Immunelektronenmikroskopische Aufnahmen von Lamina propria (A-G) und intraepithelialen (H) γδ-T-Zellen in Colitis ulcerosa colon. (A) Niederleistungsmikroskopische Aufnahme eines γδ-T-Lymphozyten mit zahlreichen Oberflächenprozessen, die durch das Reaktionsprodukt deutlich angefärbt und an einem Pol der Zelle konzentriert sind (Pfeile). Der Rest der Zelloberfläche ist schwach gefärbt. Einschub: Hohe Vergrößerung des positiv gefärbten multivesikulären Körpers, angedeutet durch die Pfeilspitze. (B) Eine γδ-T-Zelle, die die Oberflächenablagerungen des Reaktionsprodukts zeigt, die das Aussehen knapper Cluster haben (Pfeile). Einer der Cluster befindet sich über der Oberfläche kolbenförmige Invagination (Pfeilspitze und im Inset bei höherer Vergrößerung). (C) Eine γδ-T-Zelle, die das gebündelte Reaktionsprodukt auf der Zelloberfläche (Pfeile) und zahlreiche positiv gefärbte zytoplasmatische Vakuolen in der Nähe der Zellmembran (Pfeilspitzen) aufweist. (D) Eine γδ-T-Zelle, die nur zahlreiche zytoplasmatische Vesikel und Vakuolen unterschiedlicher Größe nahe der Zellmembran und tief in der Zelle zeigt. Das Lumen dieser Strukturen zeigt eine variable intensive Färbung durch das Reaktionsprodukt (Pfeilspitzen). (E) Einen Teil des γδ-T-Zell-Zytoplasmas, der zytoplasmatische Vesikel zeigt, die mit der Plasmamembran verbunden sind und das Reaktionsprodukt enthalten (Pfeile). Darüber hinaus enthält das Zytoplasma zahlreiche positiv gefärbte Vakuolen (Pfeilspitzen). (F) Ein Teil des γδ-T-Zell-Zytoplasmas, der zahlreiche multivesikuläre Körper zeigt, die hauptsächlich aus dicht gepackten positiv gefärbten Mikrovesikeln (Pfeilspitzen) bestehen. Pfeil zeigt einen kleinen Cluster des Reaktionsprodukts auf der Zelloberfläche. (G) Ein γδ-T-Lymphozyt, der eine starke positive Färbung der Zelloberfläche (Pfeile) und des perinukleären Raums (große Pfeilspitzen) zeigt. Kleine Pfeilspitzen zeigen die positive Färbung einzelner zytoplasmatischer Vakuolen an. (H) Ein γδ-T-Lymphozyt, der die positive Färbung der Zelloberfläche (Pfeile) und des perinukleären Raums (kleine Pfeilspitzen) zeigt. Große Pfeilspitzen weisen auf die positiv gefärbte Zisternenstruktur im Zytoplasma hin. EC, Epithelzelle. Alle ultradünnen Schnitte wurden ohne zusätzliche Färbung untersucht. Ursprüngliche lineare Wiedergabe: A ×8600, Einfügung ×25 000; B ×9000, Einfügung ×20 000; C ×8000; T ×9500; E ×29 500; F × 31 000; G × 10 000; H ×12 500.
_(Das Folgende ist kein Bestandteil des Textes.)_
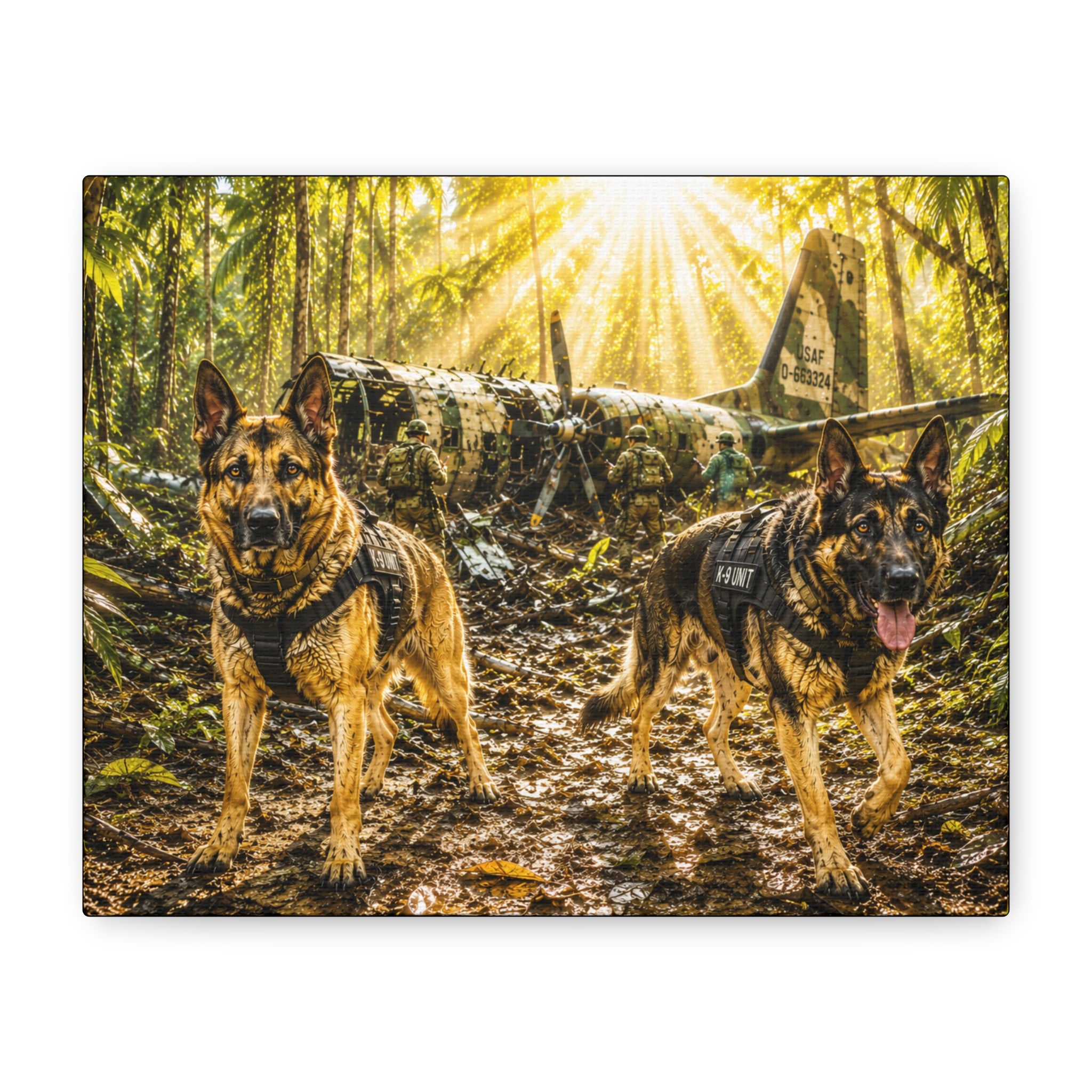 Military Search & Rescue Dogs Canvas Print — German Shepherd K9 Woodland Wall Art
Zusammenfassend lässt sich sagen, dass die Mehrheit der γδ-T-Zellen (Morphotypen 1-4) im Dickdarm eine zelluläre Lokalisation des Reaktionsprodukts aufwies, die höchstwahrscheinlich die verschiedenen aufeinanderfolgenden Schritte der TcR-Internalisierung widerspiegelte: Bildung von Clustern, beschichteten Gruben, beschichteten Vesikeln, Endosomen und multivesikulären Körpern.30 Eine kleine Anzahl von Zellen (Morphotyp 5) zeigte eine aktive Synthese von TcR-γδ-Molekülen.